La violence dans la Bible


Introduction
1. Rejet des lectures fondamentalistes
2. La culture pour expliquer la violence?
3. La Bible assume la violence humaine
4. La Bible reflète la violence expérimentée par ses auteurs
5. Dieu est-il violent?
6. Faut-il opposer Premier et Nouveau Testament?
7. Violence divine: projections et représentations
8. Une filon très prometteur: le symbolisme

8.1 Une violence subordonnée au maintien de l'alliance
8.2 Un exemple: des symboles qui expriment le jugement de Dieu
8.3 Vérité symbolique et réalité historique
8.4 Des ennemis qui personnifient le mal

9. Vérité historique et vérité théologique
10. Une longue réflexion sur la question du mal et une pédagogie biblique du dépassement de la violence
11. À la découverte du Dieu de la paix


Introduction

La Bible, et en particulier le Premier Testament, présente son lot de scènes violentes: guerres, massacres, cataclysmes, meurtres, viols, etc. On peut certes accepter facilement que soient décrits certains débordements de la nature. De même, on tolérera la présence de la violence lorsque le texte dépeint des comportements humains déviants pour mieux les sanctionner. Mais la violence de la Bible déborde ces exemples. Elle pose problème lorsqu'elle s'infiltre dans la prière - prier pour la destruction de l'ennemi, par exemple dans les Psaumes -  ou pire encore, lorsqu'elle est demandée, approuvée ou exercée par Dieu lui-même. Comment comprendre cette violence qui heurte de plein fouet la vision d'un Dieu bon et miséricordieux présentée aussi dans le texte biblique, et pas seulement dans le Nouveau Testament?
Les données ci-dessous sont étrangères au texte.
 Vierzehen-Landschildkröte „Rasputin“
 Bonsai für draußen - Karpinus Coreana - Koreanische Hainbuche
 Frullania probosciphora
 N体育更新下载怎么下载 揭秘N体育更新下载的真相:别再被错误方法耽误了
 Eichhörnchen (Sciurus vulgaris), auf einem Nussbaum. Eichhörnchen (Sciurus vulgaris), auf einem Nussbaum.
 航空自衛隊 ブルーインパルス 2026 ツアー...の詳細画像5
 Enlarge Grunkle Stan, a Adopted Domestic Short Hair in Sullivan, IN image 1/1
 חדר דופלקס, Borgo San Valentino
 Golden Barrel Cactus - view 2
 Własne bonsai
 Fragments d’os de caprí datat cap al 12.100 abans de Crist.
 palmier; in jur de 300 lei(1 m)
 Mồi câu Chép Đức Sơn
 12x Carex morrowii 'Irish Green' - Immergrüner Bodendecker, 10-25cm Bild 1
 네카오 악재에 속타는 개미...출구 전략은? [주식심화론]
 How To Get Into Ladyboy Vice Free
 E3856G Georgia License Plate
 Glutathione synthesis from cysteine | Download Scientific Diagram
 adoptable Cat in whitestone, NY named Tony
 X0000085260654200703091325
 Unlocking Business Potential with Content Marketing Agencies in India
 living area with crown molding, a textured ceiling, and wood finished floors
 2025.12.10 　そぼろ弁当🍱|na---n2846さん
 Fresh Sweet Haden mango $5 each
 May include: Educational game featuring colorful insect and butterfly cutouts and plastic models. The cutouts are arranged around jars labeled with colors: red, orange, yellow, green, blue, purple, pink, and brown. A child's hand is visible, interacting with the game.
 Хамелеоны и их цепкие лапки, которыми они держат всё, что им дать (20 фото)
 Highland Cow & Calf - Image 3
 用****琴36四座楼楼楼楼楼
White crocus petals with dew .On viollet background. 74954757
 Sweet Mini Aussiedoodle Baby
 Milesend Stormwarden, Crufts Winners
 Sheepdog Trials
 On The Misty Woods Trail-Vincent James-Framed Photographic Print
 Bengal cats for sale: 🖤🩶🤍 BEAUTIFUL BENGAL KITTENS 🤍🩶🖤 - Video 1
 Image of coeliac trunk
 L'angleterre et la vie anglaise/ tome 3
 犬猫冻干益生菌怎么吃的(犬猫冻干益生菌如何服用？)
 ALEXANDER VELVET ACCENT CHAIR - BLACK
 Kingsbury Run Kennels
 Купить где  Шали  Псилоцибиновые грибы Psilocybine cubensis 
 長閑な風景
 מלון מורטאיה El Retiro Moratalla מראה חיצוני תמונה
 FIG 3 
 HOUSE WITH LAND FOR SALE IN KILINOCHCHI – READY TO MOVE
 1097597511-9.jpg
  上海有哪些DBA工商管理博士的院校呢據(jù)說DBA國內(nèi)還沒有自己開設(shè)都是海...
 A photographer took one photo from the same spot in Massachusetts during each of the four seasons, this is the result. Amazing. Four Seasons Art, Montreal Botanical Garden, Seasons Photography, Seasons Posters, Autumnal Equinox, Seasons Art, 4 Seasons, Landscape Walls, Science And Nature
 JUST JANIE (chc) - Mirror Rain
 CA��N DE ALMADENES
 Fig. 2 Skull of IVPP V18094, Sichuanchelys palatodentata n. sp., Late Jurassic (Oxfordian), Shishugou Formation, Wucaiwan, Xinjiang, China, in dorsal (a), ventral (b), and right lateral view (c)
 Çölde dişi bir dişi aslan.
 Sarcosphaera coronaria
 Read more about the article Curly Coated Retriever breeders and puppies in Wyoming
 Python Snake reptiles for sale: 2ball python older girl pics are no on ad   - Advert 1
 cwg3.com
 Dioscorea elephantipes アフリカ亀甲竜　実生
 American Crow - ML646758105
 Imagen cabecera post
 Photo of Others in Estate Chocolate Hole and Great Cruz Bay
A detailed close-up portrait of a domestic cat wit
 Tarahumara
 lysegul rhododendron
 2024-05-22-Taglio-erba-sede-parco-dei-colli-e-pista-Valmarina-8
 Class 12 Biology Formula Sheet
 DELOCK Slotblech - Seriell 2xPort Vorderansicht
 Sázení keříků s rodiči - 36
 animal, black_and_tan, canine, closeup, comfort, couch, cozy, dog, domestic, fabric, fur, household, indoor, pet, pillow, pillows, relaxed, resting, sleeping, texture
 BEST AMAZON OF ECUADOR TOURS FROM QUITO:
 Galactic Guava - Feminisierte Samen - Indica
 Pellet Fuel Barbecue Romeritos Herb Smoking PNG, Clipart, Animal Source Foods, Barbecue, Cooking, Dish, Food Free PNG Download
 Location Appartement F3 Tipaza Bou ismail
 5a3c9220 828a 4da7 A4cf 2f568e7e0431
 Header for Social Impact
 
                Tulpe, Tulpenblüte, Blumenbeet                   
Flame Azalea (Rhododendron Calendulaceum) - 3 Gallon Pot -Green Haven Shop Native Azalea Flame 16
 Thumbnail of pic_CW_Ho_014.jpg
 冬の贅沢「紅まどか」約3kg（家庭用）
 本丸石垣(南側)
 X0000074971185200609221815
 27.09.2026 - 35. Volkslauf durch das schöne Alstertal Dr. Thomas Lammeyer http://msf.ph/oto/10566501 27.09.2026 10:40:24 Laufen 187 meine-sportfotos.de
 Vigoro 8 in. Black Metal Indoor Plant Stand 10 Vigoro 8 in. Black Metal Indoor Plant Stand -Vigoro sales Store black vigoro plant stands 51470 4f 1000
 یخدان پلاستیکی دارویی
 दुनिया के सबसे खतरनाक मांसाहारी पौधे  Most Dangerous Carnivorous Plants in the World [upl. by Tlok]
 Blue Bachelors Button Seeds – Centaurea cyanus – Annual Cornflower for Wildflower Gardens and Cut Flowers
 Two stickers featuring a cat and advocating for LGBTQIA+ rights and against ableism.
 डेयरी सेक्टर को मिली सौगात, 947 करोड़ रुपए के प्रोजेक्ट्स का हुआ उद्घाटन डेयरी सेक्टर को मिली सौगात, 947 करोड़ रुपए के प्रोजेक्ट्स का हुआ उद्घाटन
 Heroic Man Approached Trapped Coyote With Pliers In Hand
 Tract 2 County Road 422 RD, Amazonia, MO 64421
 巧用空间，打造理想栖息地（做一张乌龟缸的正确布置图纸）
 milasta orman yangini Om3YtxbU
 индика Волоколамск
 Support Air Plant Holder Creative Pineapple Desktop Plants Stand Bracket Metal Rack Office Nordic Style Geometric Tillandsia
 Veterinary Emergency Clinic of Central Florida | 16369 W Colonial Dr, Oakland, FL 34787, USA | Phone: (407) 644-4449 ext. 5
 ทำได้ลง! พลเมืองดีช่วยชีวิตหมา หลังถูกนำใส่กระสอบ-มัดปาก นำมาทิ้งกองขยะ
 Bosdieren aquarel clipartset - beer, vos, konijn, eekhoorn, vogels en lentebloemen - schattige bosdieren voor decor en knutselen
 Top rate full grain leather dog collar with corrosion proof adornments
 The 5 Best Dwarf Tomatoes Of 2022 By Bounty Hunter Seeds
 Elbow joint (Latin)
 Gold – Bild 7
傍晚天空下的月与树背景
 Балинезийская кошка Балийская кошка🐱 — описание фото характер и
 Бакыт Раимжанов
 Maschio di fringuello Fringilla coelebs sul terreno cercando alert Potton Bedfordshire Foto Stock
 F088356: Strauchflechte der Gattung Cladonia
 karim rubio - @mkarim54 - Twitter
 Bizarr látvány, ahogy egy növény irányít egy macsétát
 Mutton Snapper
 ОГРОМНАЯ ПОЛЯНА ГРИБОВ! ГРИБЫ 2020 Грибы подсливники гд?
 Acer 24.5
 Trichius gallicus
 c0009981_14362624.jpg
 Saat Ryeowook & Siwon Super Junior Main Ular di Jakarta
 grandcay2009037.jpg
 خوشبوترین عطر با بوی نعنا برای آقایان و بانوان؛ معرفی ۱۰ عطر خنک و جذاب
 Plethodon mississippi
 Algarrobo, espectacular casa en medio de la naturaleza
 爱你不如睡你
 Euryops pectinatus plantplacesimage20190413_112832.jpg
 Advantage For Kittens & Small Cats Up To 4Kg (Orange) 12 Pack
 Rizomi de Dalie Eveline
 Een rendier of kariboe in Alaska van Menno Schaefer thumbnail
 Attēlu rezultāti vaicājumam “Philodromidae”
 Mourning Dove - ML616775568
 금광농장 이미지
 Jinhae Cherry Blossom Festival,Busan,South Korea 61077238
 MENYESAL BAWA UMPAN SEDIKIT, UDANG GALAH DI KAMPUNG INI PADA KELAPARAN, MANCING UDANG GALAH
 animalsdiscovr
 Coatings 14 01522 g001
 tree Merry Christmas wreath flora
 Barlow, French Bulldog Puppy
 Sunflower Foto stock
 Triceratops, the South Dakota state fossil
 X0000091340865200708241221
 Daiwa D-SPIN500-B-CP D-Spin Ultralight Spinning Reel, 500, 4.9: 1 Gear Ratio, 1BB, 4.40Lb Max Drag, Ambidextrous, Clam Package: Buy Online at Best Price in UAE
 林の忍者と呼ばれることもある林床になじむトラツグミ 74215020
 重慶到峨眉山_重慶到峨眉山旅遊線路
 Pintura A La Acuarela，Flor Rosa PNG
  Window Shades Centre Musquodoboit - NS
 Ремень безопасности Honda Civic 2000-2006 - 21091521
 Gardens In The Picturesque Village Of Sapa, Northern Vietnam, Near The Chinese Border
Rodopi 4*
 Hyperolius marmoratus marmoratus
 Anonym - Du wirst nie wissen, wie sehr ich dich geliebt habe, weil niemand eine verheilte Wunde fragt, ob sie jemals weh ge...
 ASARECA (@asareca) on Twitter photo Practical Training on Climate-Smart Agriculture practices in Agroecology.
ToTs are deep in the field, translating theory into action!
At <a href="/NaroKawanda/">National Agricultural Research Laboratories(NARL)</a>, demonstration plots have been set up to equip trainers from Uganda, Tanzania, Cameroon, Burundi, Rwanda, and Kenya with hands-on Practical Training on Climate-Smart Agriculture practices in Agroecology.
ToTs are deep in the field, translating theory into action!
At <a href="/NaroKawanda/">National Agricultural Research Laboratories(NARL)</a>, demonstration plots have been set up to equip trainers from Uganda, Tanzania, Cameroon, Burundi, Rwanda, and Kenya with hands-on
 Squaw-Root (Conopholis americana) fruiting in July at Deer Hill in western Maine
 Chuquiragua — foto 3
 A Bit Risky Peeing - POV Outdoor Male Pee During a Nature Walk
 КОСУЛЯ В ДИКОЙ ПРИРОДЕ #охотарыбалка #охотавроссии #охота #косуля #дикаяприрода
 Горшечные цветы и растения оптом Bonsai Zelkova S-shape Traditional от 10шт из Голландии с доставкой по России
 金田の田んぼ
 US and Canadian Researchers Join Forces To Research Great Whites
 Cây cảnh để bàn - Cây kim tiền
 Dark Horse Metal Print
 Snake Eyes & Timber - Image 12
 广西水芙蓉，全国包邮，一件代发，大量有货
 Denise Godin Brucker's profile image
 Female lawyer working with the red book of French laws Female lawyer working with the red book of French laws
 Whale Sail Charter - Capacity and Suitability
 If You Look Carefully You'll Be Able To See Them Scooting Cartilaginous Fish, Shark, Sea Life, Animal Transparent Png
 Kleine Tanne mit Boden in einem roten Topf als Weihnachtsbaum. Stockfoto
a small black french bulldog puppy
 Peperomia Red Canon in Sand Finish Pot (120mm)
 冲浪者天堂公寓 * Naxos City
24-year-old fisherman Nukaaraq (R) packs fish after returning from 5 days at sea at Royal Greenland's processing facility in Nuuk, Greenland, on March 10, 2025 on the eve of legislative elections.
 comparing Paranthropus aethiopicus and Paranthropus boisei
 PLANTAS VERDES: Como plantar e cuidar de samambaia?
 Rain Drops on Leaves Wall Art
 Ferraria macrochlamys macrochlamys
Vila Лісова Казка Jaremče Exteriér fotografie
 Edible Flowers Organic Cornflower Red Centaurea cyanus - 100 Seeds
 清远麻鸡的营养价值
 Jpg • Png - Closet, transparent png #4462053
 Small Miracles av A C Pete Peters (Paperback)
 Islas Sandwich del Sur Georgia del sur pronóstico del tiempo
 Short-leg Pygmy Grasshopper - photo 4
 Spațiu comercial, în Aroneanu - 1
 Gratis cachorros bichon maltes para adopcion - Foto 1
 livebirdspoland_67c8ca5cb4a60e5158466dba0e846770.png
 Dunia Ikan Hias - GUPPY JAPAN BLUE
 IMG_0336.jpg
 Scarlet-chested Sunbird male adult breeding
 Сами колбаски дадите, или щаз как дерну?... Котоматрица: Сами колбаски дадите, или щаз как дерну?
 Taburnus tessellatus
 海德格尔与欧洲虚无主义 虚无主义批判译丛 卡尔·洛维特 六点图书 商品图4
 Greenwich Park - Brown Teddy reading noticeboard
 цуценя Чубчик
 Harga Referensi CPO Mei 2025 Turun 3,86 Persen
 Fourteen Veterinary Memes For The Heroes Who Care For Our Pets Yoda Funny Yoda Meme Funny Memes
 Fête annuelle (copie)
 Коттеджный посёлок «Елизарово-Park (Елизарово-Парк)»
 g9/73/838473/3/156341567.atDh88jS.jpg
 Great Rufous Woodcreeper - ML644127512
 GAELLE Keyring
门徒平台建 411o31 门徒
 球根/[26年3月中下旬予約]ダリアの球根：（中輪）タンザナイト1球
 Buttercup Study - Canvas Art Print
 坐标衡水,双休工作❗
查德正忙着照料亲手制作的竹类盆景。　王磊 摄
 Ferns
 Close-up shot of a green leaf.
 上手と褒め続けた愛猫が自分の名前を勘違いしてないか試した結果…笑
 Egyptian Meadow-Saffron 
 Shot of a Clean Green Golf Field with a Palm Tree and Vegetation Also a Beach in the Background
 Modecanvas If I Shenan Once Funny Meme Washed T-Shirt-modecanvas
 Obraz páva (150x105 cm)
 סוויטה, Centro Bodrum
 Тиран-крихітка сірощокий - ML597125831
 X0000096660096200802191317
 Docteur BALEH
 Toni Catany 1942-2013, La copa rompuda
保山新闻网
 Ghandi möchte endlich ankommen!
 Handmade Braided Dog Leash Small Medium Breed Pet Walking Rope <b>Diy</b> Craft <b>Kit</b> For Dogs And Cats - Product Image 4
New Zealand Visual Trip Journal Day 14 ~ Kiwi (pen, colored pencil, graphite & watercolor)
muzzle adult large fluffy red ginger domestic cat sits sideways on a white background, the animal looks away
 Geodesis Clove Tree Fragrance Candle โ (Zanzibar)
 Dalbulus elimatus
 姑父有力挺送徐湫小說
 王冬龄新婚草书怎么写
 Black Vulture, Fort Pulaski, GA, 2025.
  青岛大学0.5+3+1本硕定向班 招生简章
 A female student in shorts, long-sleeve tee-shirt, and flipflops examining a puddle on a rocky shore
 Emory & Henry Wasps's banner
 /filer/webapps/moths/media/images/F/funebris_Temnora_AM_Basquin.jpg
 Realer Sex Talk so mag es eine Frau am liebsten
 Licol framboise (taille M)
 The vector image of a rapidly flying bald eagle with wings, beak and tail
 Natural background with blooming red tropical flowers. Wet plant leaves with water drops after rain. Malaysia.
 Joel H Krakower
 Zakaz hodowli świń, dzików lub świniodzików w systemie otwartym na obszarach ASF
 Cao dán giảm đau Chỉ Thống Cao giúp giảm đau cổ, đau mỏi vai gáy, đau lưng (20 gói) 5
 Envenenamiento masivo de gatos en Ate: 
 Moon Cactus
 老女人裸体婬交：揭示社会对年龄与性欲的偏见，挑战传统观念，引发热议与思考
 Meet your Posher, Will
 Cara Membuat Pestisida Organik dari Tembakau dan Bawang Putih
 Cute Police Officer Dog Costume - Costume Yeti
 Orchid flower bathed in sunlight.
Plusieurs réponses, d'ailleurs complémentaires, peuvent être apportées à cette question. Ce dossier propose plusieurs pistes de réflexion. Il invite, dans le même temps, à aborder de face la question de la violence de la Bible, qui "préfère le réel à l'idéal" (Van Meenen, 2003: 502). 

1. Rejet des lectures fondamentalistes

Précisons d'entrée de jeu que la perspective adoptée ici exclut d'emblée toute lecture fondamentaliste de la Bible (voir la section 4 du dossier vert "Des clés pour lire le Premier Testament"). Une telle lecture, en effet, ne tolère aucune distance face au texte, prend tout au pied de la lettre, sans considérer les genres littéraires, le symbolisme, la dimension culturelle ou les intentions théologiques de l'auteur. Ces éléments sont pourtant essentiels pour ne pas errer dans l'interprétation d'un texte. Ils nous donnent aussi des pistes de solution à cette question de la violence dans la Bible.

Par ailleurs, une lecture fondamentaliste de la Bible pave la voie à de nouvelles violences, justifiées par le texte biblique lui-même. On connaît les ravages des fanatismes religieux qui s'appuient sur une interprétation étroite de textes sacrés (Bible, Coran et autres), qu'ils prétendent d'ailleurs ne pas interpréter du tout. Qu'est-ce qui pourrait raisonner quelqu'un qui pense agir au nom de Dieu et qui croit avoir un accès direct et non équivoque à sa volonté? 

2. La culture pour expliquer la violence?

En lisant la Bible, nous regardons une société de l'Antiquité proche-orientale avec nos yeux d'Occidentaux du XXIe siècle. Le fossé culturel est pourtant important. Pas étonnant que certaines mœurs des temps bibliques nous surprennent, voire nous choquent. Jusqu'à un certain point, la violence de la Bible, celle des êtres humains et celle de Dieu telle qu'on la présente, peut être expliquée par des différences culturelles.